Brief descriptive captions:
......

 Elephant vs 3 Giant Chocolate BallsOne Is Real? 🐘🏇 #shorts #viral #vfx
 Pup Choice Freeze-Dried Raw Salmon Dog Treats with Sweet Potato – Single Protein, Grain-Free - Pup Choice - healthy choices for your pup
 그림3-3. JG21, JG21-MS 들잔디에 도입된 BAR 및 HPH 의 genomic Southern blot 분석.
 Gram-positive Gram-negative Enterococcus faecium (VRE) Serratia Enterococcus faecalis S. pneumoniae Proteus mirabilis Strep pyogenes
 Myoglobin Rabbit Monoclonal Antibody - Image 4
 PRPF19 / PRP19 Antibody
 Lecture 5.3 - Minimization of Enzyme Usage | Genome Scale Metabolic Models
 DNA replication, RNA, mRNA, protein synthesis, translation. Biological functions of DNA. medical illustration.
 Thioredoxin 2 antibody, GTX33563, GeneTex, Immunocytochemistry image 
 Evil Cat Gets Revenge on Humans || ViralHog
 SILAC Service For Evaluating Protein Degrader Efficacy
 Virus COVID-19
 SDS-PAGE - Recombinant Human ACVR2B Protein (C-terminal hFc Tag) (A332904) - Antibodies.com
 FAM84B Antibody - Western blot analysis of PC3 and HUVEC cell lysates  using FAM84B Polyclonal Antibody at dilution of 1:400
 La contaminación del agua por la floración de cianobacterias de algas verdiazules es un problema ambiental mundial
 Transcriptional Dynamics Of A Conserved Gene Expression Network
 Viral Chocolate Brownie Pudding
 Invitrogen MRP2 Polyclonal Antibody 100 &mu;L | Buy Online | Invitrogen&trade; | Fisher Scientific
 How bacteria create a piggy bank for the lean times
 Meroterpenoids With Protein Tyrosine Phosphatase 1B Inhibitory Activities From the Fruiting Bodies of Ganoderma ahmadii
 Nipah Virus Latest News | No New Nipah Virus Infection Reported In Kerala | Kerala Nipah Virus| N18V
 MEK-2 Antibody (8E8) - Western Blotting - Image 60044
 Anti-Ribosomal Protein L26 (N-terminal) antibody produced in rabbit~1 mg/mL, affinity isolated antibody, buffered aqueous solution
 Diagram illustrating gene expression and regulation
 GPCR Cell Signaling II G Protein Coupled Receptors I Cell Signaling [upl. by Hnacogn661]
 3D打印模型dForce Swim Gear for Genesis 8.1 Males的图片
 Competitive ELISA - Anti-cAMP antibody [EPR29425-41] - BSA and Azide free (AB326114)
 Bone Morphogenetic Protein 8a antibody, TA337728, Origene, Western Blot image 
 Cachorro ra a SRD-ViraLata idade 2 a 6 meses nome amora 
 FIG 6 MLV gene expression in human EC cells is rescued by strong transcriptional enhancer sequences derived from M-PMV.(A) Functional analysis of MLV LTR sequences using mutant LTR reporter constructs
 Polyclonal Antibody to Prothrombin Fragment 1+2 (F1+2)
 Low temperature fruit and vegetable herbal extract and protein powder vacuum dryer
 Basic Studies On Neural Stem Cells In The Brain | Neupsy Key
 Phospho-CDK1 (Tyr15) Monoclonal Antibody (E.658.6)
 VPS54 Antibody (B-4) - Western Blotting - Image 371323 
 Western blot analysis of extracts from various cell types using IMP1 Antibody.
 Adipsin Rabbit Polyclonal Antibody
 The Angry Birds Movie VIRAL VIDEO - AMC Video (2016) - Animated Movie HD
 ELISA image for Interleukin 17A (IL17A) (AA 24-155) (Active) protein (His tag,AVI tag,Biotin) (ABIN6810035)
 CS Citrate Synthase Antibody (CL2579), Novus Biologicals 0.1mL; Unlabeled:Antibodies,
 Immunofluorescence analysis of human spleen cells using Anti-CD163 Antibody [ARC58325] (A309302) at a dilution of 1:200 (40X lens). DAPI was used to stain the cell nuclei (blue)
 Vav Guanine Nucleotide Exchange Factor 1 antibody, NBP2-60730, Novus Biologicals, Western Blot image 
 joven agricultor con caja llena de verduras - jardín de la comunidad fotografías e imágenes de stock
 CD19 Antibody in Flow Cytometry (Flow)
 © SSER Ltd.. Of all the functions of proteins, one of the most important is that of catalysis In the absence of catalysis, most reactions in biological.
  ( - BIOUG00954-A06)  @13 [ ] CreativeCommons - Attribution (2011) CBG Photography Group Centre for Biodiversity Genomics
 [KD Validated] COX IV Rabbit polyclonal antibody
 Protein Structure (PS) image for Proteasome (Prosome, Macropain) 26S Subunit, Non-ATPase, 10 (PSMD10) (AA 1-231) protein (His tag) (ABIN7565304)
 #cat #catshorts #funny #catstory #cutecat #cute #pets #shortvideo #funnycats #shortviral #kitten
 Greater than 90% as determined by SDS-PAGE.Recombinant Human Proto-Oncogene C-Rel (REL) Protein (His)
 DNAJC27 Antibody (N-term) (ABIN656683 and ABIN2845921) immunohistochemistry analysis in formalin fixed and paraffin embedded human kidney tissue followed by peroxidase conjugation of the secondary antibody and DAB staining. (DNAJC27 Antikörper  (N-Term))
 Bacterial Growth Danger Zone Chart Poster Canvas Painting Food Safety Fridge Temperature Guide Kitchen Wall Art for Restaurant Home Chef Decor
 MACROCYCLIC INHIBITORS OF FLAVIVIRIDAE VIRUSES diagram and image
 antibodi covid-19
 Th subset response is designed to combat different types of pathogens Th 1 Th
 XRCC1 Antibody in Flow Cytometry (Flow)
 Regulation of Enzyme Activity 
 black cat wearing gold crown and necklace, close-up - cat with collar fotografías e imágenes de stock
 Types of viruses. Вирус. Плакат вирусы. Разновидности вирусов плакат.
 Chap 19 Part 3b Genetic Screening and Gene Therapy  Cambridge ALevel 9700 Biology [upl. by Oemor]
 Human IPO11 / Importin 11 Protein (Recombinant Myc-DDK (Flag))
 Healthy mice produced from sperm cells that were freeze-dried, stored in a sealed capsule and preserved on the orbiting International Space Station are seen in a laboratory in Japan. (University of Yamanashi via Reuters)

......

What this task involves: Line by line, print the records above exactly as they stand.

Reply:
 Elephant vs 3 Giant Chocolate BallsOne Is Real? 🐘🏇 #shorts #viral #vfx
 Pup Choice Freeze-Dried Raw Salmon Dog Treats with Sweet Potato – Single Protein, Grain-Free - Pup Choice - healthy choices for your pup
 그림3-3. JG21, JG21-MS 들잔디에 도입된 BAR 및 HPH 의 genomic Southern blot 분석.
 Gram-positive Gram-negative Enterococcus faecium (VRE) Serratia Enterococcus faecalis S. pneumoniae Proteus mirabilis Strep pyogenes
 Myoglobin Rabbit Monoclonal Antibody - Image 4
 PRPF19 / PRP19 Antibody
 Lecture 5.3 - Minimization of Enzyme Usage | Genome Scale Metabolic Models
 DNA replication, RNA, mRNA, protein synthesis, translation. Biological functions of DNA. medical illustration.
 Thioredoxin 2 antibody, GTX33563, GeneTex, Immunocytochemistry image 
 Evil Cat Gets Revenge on Humans || ViralHog
 SILAC Service For Evaluating Protein Degrader Efficacy
 Virus COVID-19
 SDS-PAGE - Recombinant Human ACVR2B Protein (C-terminal hFc Tag) (A332904) - Antibodies.com
 FAM84B Antibody - Western blot analysis of PC3 and HUVEC cell lysates  using FAM84B Polyclonal Antibody at dilution of 1:400
 La contaminación del agua por la floración de cianobacterias de algas verdiazules es un problema ambiental mundial
 Transcriptional Dynamics Of A Conserved Gene Expression Network
 Viral Chocolate Brownie Pudding
 Invitrogen MRP2 Polyclonal Antibody 100 &mu;L | Buy Online | Invitrogen&trade; | Fisher Scientific
 How bacteria create a piggy bank for the lean times
 Meroterpenoids With Protein Tyrosine Phosphatase 1B Inhibitory Activities From the Fruiting Bodies of Ganoderma ahmadii
 Nipah Virus Latest News | No New Nipah Virus Infection Reported In Kerala | Kerala Nipah Virus| N18V
 MEK-2 Antibody (8E8) - Western Blotting - Image 60044
 Anti-Ribosomal Protein L26 (N-terminal) antibody produced in rabbit~1 mg/mL, affinity isolated antibody, buffered aqueous solution
 Diagram illustrating gene expression and regulation
 GPCR Cell Signaling II G Protein Coupled Receptors I Cell Signaling [upl. by Hnacogn661]
 3D打印模型dForce Swim Gear for Genesis 8.1 Males的图片
 Competitive ELISA - Anti-cAMP antibody [EPR29425-41] - BSA and Azide free (AB326114)
 Bone Morphogenetic Protein 8a antibody, TA337728, Origene, Western Blot image 
 Cachorro ra a SRD-ViraLata idade 2 a 6 meses nome amora 
 FIG 6 MLV gene expression in human EC cells is rescued by strong transcriptional enhancer sequences derived from M-PMV.(A) Functional analysis of MLV LTR sequences using mutant LTR reporter constructs
 Polyclonal Antibody to Prothrombin Fragment 1+2 (F1+2)
 Low temperature fruit and vegetable herbal extract and protein powder vacuum dryer
 Basic Studies On Neural Stem Cells In The Brain | Neupsy Key
 Phospho-CDK1 (Tyr15) Monoclonal Antibody (E.658.6)
 VPS54 Antibody (B-4) - Western Blotting - Image 371323 
 Western blot analysis of extracts from various cell types using IMP1 Antibody.
 Adipsin Rabbit Polyclonal Antibody
 The Angry Birds Movie VIRAL VIDEO - AMC Video (2016) - Animated Movie HD
 ELISA image for Interleukin 17A (IL17A) (AA 24-155) (Active) protein (His tag,AVI tag,Biotin) (ABIN6810035)
 CS Citrate Synthase Antibody (CL2579), Novus Biologicals 0.1mL; Unlabeled:Antibodies,
 Immunofluorescence analysis of human spleen cells using Anti-CD163 Antibody [ARC58325] (A309302) at a dilution of 1:200 (40X lens). DAPI was used to stain the cell nuclei (blue)
 Vav Guanine Nucleotide Exchange Factor 1 antibody, NBP2-60730, Novus Biologicals, Western Blot image 
 joven agricultor con caja llena de verduras - jardín de la comunidad fotografías e imágenes de stock
 CD19 Antibody in Flow Cytometry (Flow)
 © SSER Ltd.. Of all the functions of proteins, one of the most important is that of catalysis In the absence of catalysis, most reactions in biological.
  ( - BIOUG00954-A06)  @13 [ ] CreativeCommons - Attribution (2011) CBG Photography Group Centre for Biodiversity Genomics
 [KD Validated] COX IV Rabbit polyclonal antibody
 Protein Structure (PS) image for Proteasome (Prosome, Macropain) 26S Subunit, Non-ATPase, 10 (PSMD10) (AA 1-231) protein (His tag) (ABIN7565304)
 #cat #catshorts #funny #catstory #cutecat #cute #pets #shortvideo #funnycats #shortviral #kitten
 Greater than 90% as determined by SDS-PAGE.Recombinant Human Proto-Oncogene C-Rel (REL) Protein (His)
 DNAJC27 Antibody (N-term) (ABIN656683 and ABIN2845921) immunohistochemistry analysis in formalin fixed and paraffin embedded human kidney tissue followed by peroxidase conjugation of the secondary antibody and DAB staining. (DNAJC27 Antikörper  (N-Term))
 Bacterial Growth Danger Zone Chart Poster Canvas Painting Food Safety Fridge Temperature Guide Kitchen Wall Art for Restaurant Home Chef Decor
 MACROCYCLIC INHIBITORS OF FLAVIVIRIDAE VIRUSES diagram and image
 antibodi covid-19
 Th subset response is designed to combat different types of pathogens Th 1 Th
 XRCC1 Antibody in Flow Cytometry (Flow)
 Regulation of Enzyme Activity 
 black cat wearing gold crown and necklace, close-up - cat with collar fotografías e imágenes de stock
 Types of viruses. Вирус. Плакат вирусы. Разновидности вирусов плакат.
 Chap 19 Part 3b Genetic Screening and Gene Therapy  Cambridge ALevel 9700 Biology [upl. by Oemor]
 Human IPO11 / Importin 11 Protein (Recombinant Myc-DDK (Flag))
 Healthy mice produced from sperm cells that were freeze-dried, stored in a sealed capsule and preserved on the orbiting International Space Station are seen in a laboratory in Japan. (University of Yamanashi via Reuters)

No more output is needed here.